Jim McDonald, Dundas

According to the recently delivered federal Liberal flyer — apparently written by, and certainly featuring, dreamy-eyed Justin Trudeau — all of his policies will deal exclusively with Downton Abbey…I mean Parliament Hill. 

Everything and every politician on the Hill will become as pure and transparent as the driven snow if Mr. Trudeau makes it to the PM’s chair. By concentrating exclusively on elected politicians to keep them from straying, Mr. Trudeau has decided to let ordinary Canadians (the so-called middle class as he refers to us) make the policies. Bottom-up policy-making, he claims, is superior to the top-down variety. 

(Let’s hear it for a huge middle-class, across the board raise!) 

To be sure, he will have his hands full keeping the people’s reps in order. 

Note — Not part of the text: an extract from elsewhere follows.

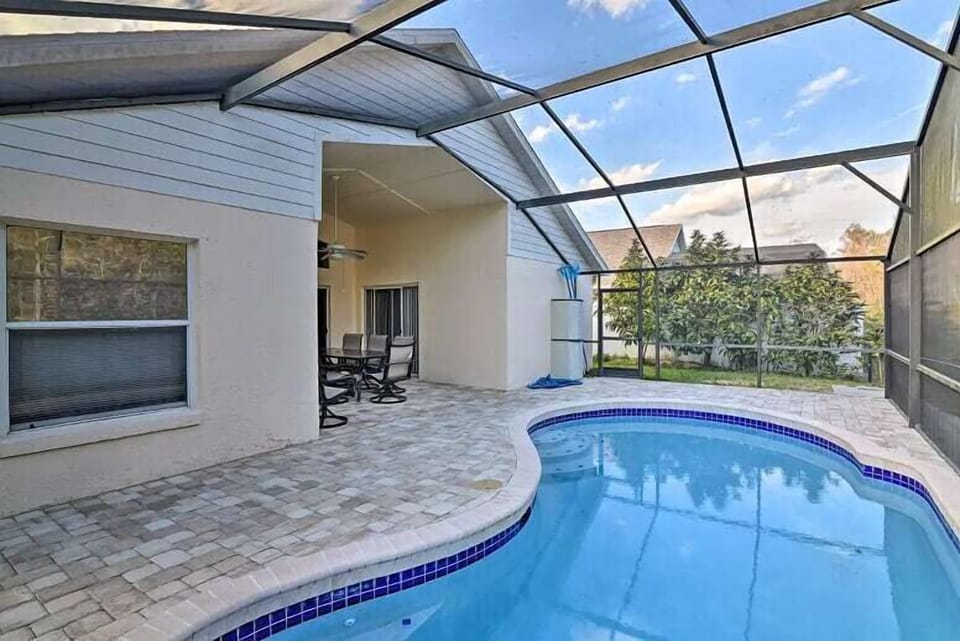 pool4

And since Mr. Trudeau claims that the middle class has not had a raise in 30 years, he wants to change that through hope and hard work (his words, not mine). 

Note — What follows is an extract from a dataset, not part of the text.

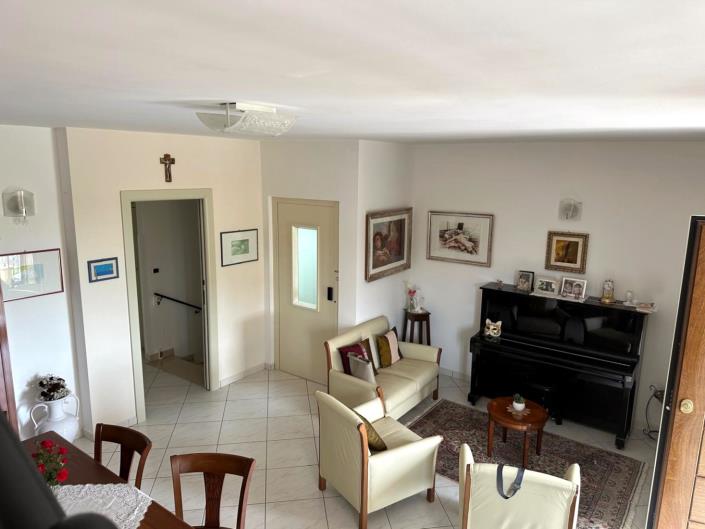 Image No.11-Villa / Détaché de 4 chambres à vendre à Atri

Here’s hoping that my hard work over the past three decades has paid off. If Mr. Trudeau becomes prime minister in 2015, there should  be one huge whopper of a raise for all us middle class hard workers, and just maybe a “chicken for every pot.” If Mr. Trudeau’s calculations on middle class income figures are correct, that’s the least we can expect after 30 years of treading water, without seeing our incomes rise by even a single dime.